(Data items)

----------

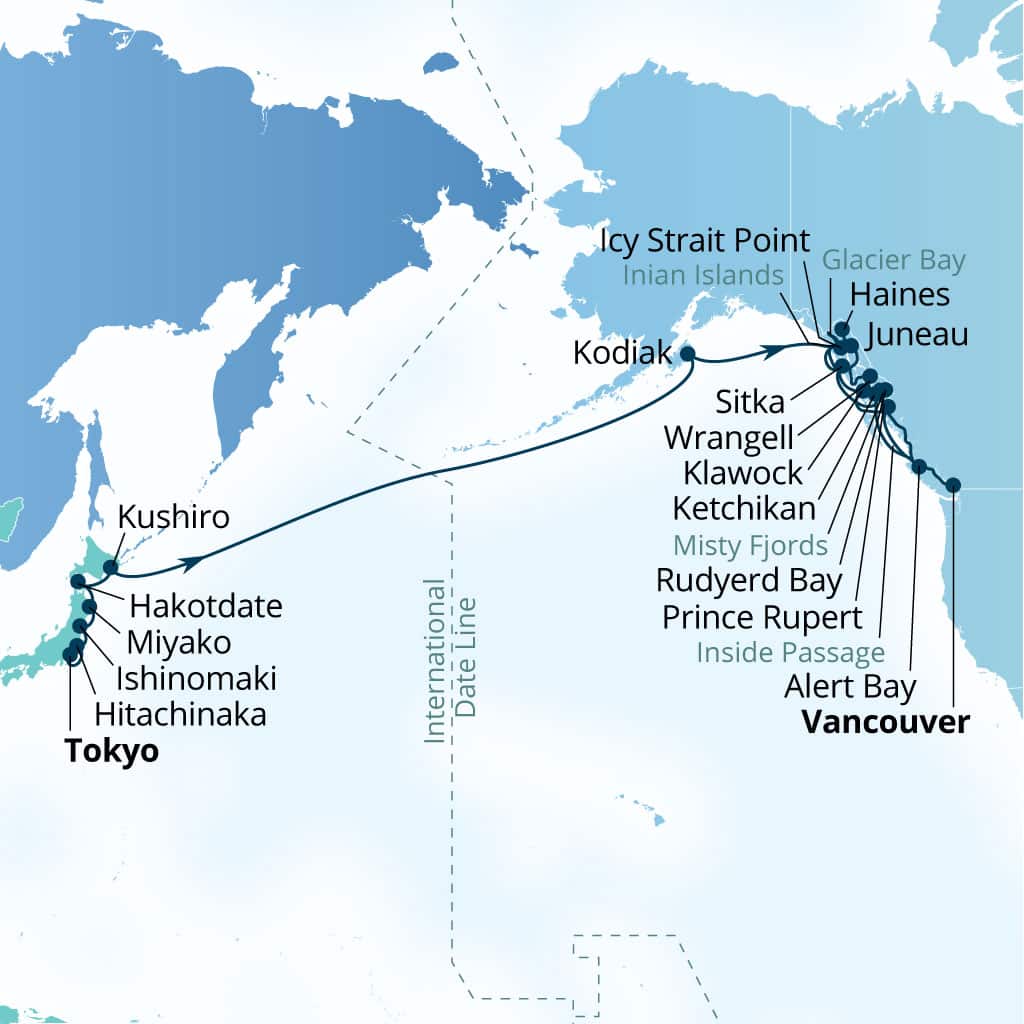Carte de l’itinéraire Seabourn Encore, Tokyo, Japon → Vancouver, B.C., CA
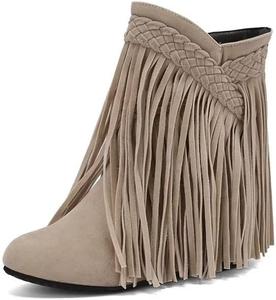 Ботинки Joojaky Women's Fringe Western Boots Hidden Heel Cowboy Ankle Dress Booties, Apricot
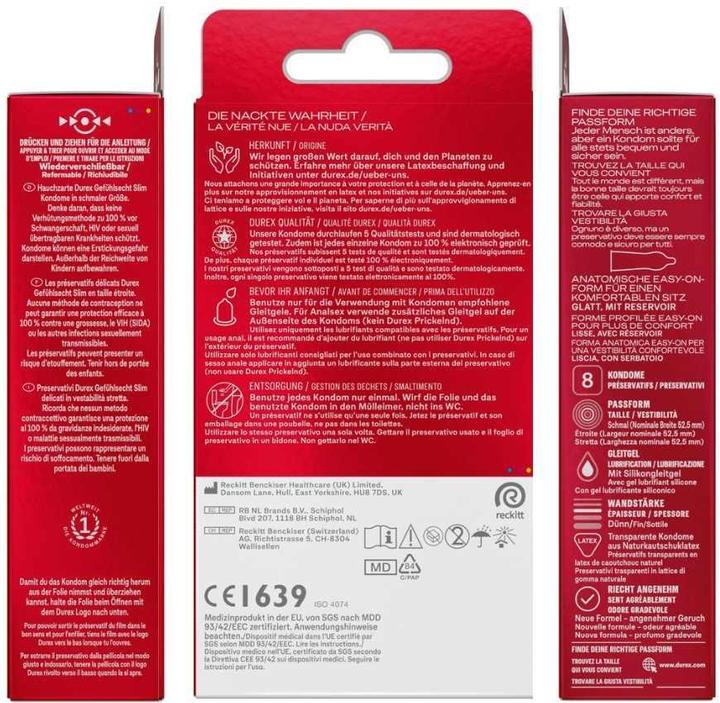 Nährwerte und Zutaten Durex Gef??hlsecht Slim Fit (8 Stk.)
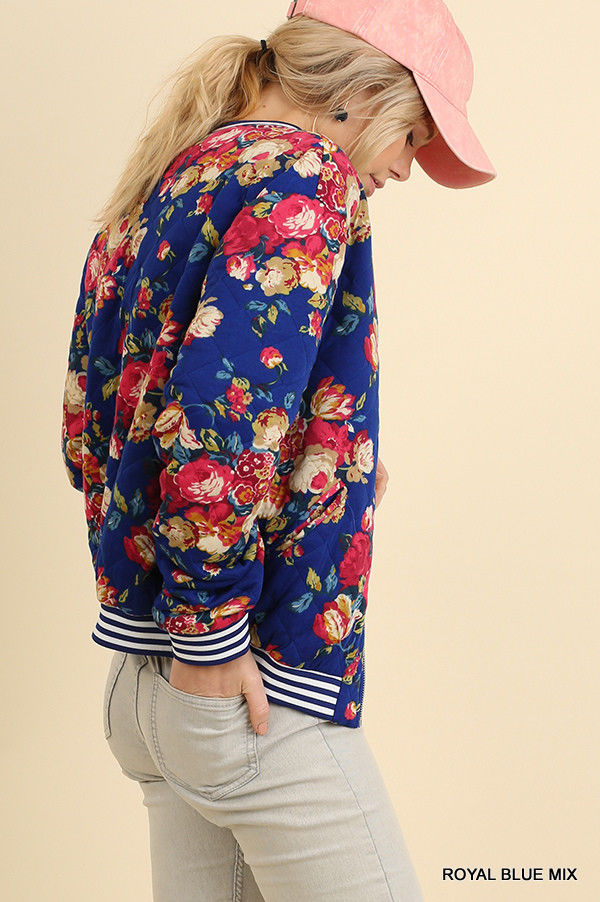Floral Print Quilted Bomber Zip Jacket Royal Blue - Athens Georgia Women's Fashion Boutique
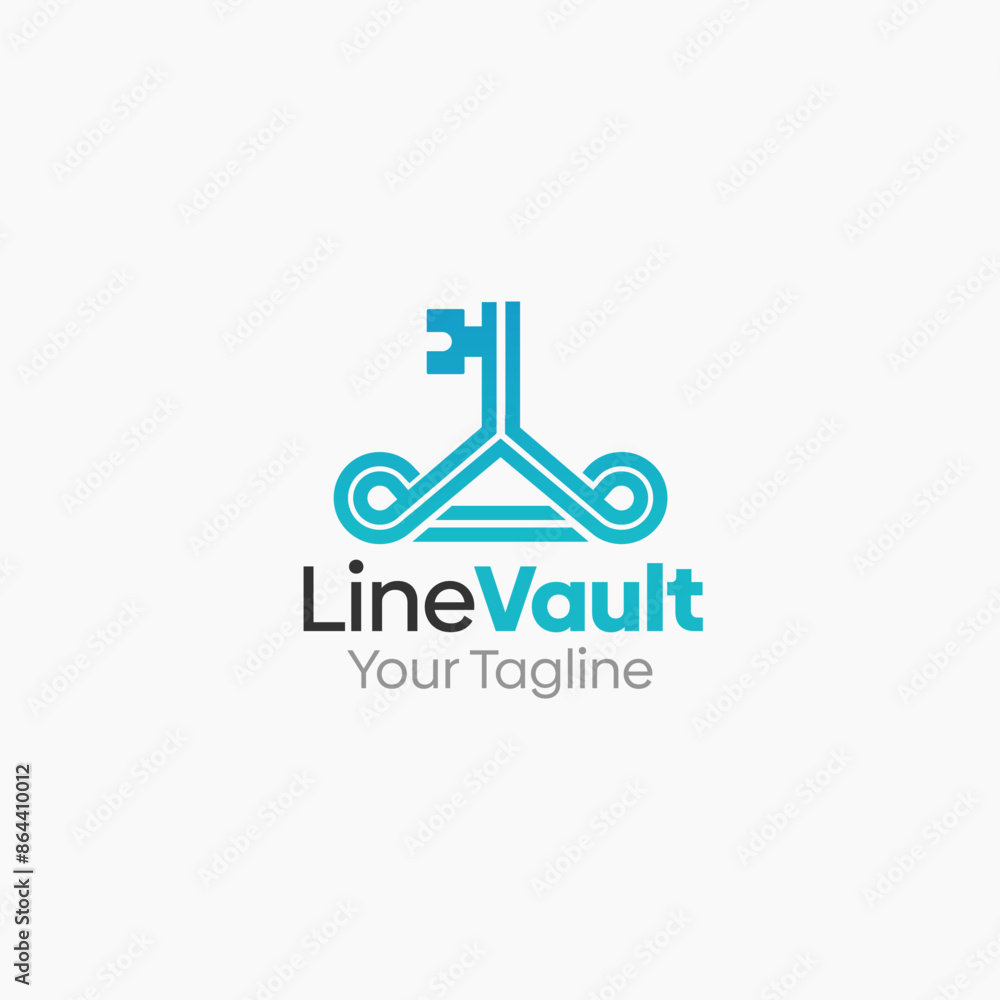 Line Vault Logo Vector Template Design. Good for Business, Start up, Agency, and Organization Line Vault Logo Vector Template Design. Good for Business, Start up, Agency, and Organization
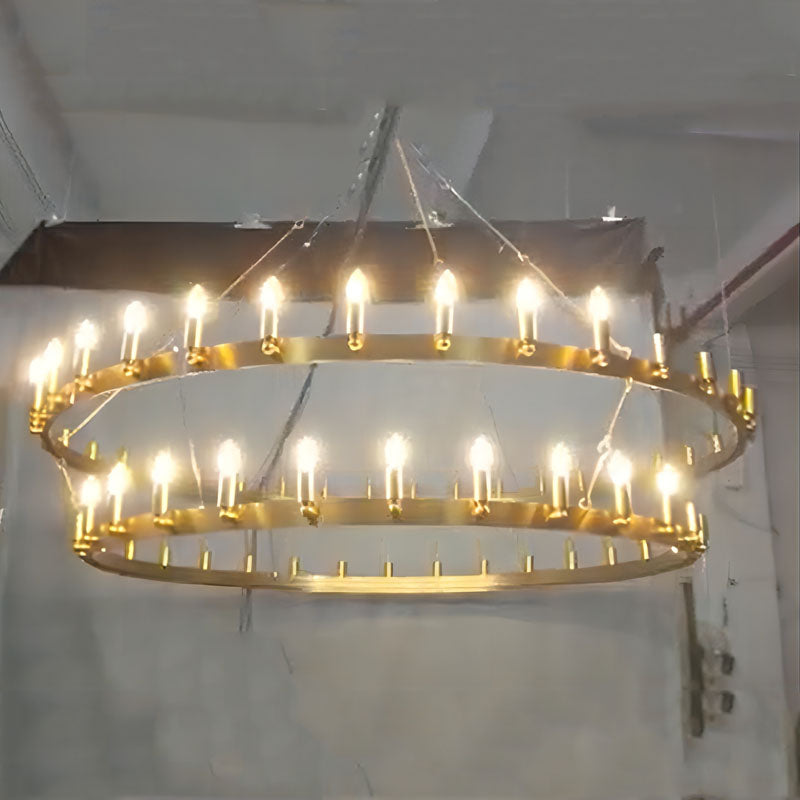 Vintage Candelabra Two-Tier Round Chandelier(Brass)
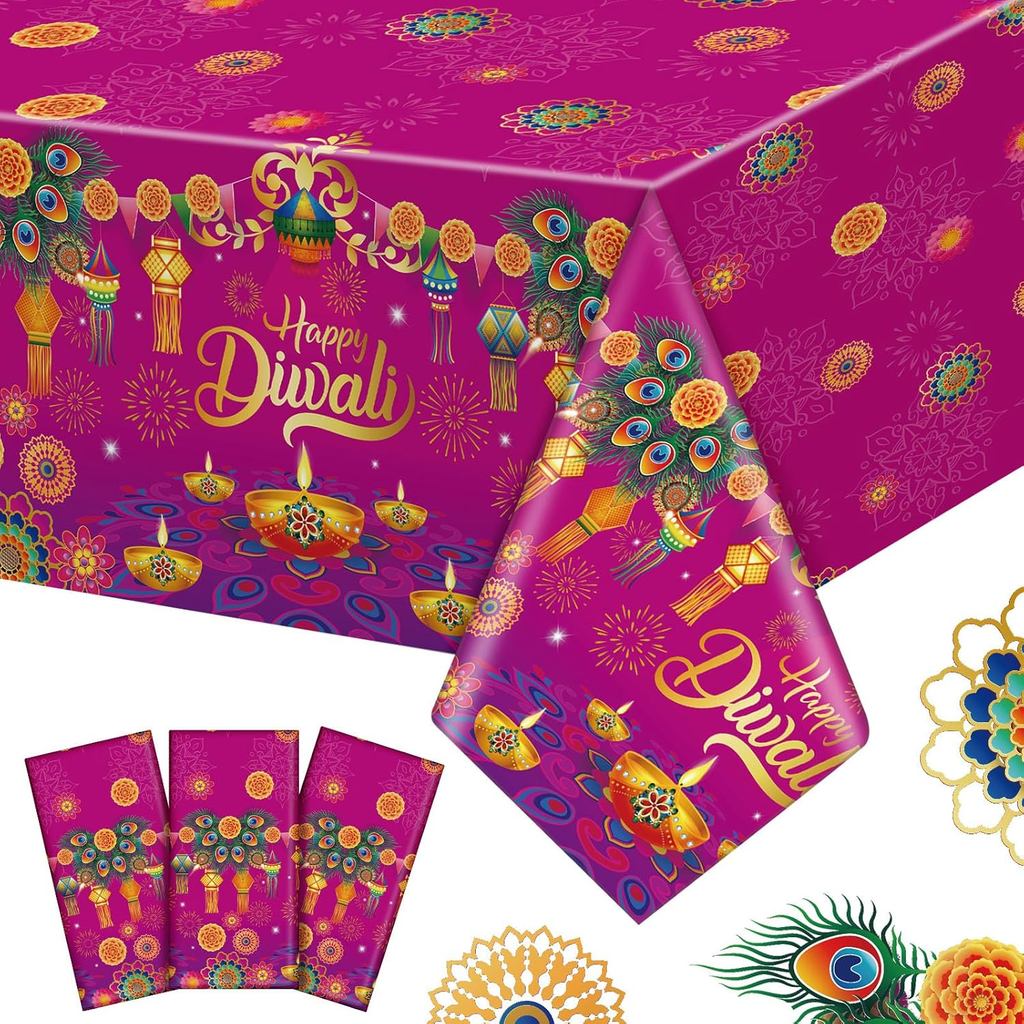3 ชิ้น Happy Diwali ผ้าปูโต๊ะทิ้ง 54 108 เทศกาลไฟปาร์ตี้พลาสติกตารางสี่เหลี่ยมผืนผ้าผ้าปูโต๊ะสําหรับ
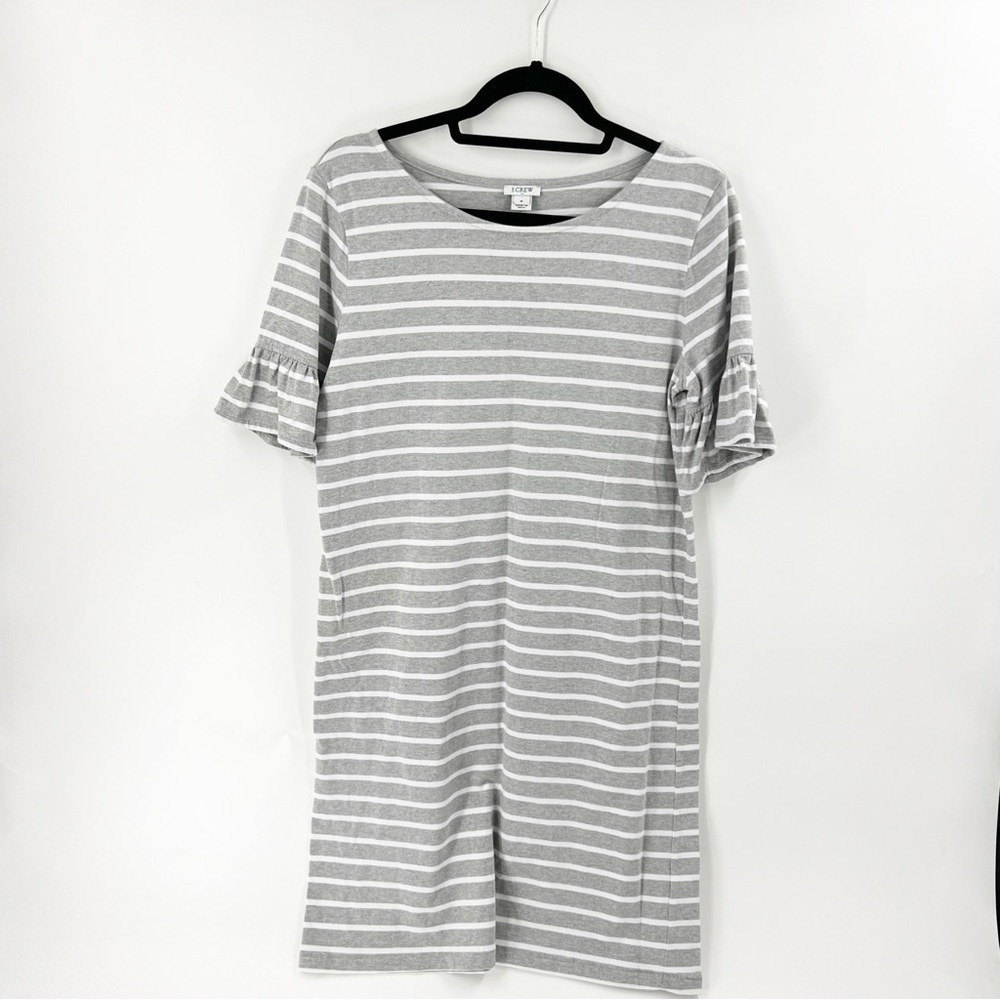 ✅‎ J. Crew H7043 Ruffled Sleeve Striped T Shirt Dress Gray White SIZE MEDIUM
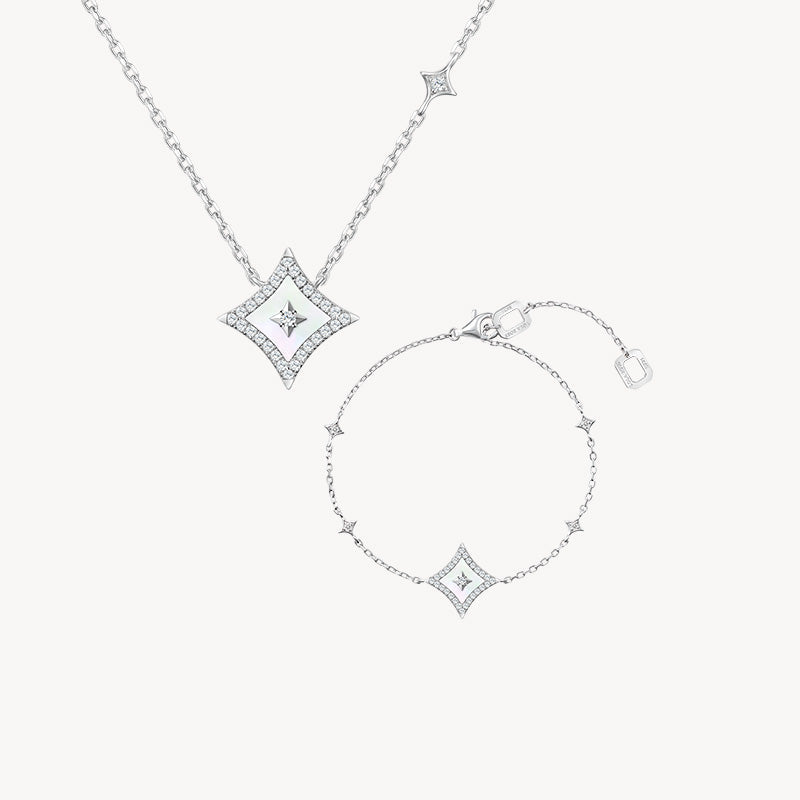 Mother-of-Pearl Necklace & Bracelet Gift Set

----------

*ASSIGNED TASK*: Take the line containing "Vintage Candelabra Two-Tier" and every line after it to the end of the records, and restate them verbatim, with no pictures.

*EXPECTED ANSWER*:
 Vintage Candelabra Two-Tier Round Chandelier(Brass)
3 ชิ้น Happy Diwali ผ้าปูโต๊ะทิ้ง 54 108 เทศกาลไฟปาร์ตี้พลาสติกตารางสี่เหลี่ยมผืนผ้าผ้าปูโต๊ะสําหรับ
 ✅‎ J. Crew H7043 Ruffled Sleeve Striped T Shirt Dress Gray White SIZE MEDIUM
 Mother-of-Pearl Necklace & Bracelet Gift Set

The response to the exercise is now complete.